The people who know me best—my friends and family, my current and former clients, former employers, and lawyers and judges with whom I regularly deal—know me as a passionate defender of the law and an aggressive advocate of my clients’ rights. Whether I am demanding the dismissal of an unconstitutional criminal charge against a homeless client who merely held up a sign to request food near a busy street intersection, or I am repeatedly demanding that a rural judge refer to a transsexual client by their assigned gender, or I am providing pro bono legal assistance to poor people who happen to be down on their luck, I do my job and do it as well as I can

In light of the recent relentless and unjustifiable vilification of me, as well as the mischaracterizations of who I am as a person, I have unilaterally made the decision to provide this clarification and to withdraw from politics. Yesterday, an attorney substituted in for me so as to continue representing Cameron Padgett for his federal lawsuits against the University of Cincinnati and the Ohio State University, and today I deleted my private Twitter profile and now am announcing that I will no longer serve in any capacity with the Foundation for the Marketplace of Ideas, Inc.—which was founded by a number of licensed attorneys and me in 2016 so as to promote the rights guaranteed by the United States Constitution. I will not be in attendance at the upcoming Michigan State University event—which will happen as a result of the recent successful and high-profile lawsuit I filed on behalf of my client—, nor will I attend FMI's upcoming Detroit conference where attendees will merely dine on appetizers and drink beverages from an open bar as they mingle. FMI will be transferred to the control of someone else to manage so its mission can be advanced, or else it will be dissolved.
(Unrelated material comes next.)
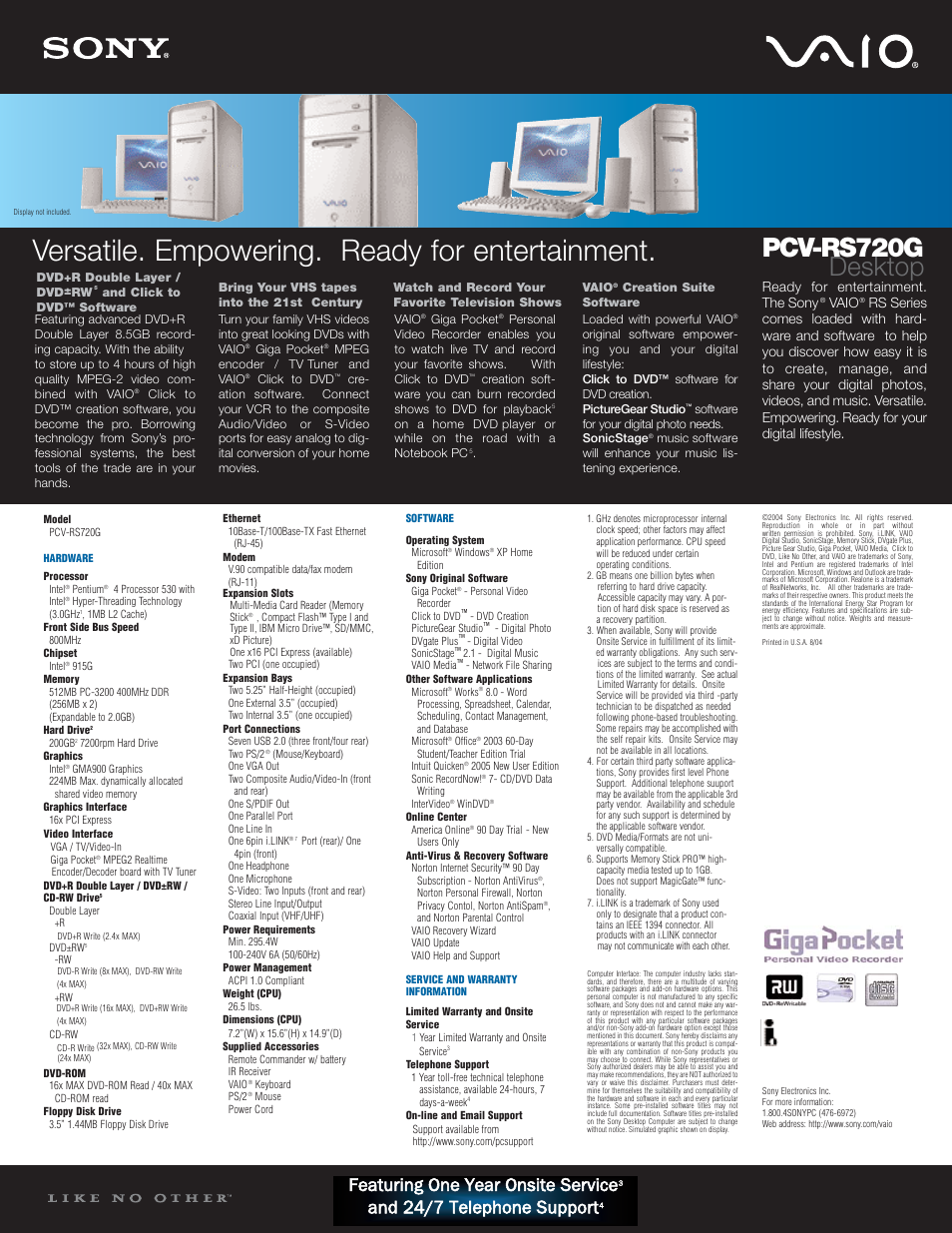 Sony PCV-RS720G User Manual | 1 page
In closing, I wish to relay that I abhor violence—of which I have never engaged and have always disavowed—, I regret having previously used language which is needlessly offensive, the characterizations made of me by the media are inaccurate, and I salute everyone who stands up for the rights that are guaranteed by the Constitution—no matter who is exercising those rights.

Although the media’s vilification of me prompted this statement, I nevertheless believe it is the morally right decision to make as I move forward in life.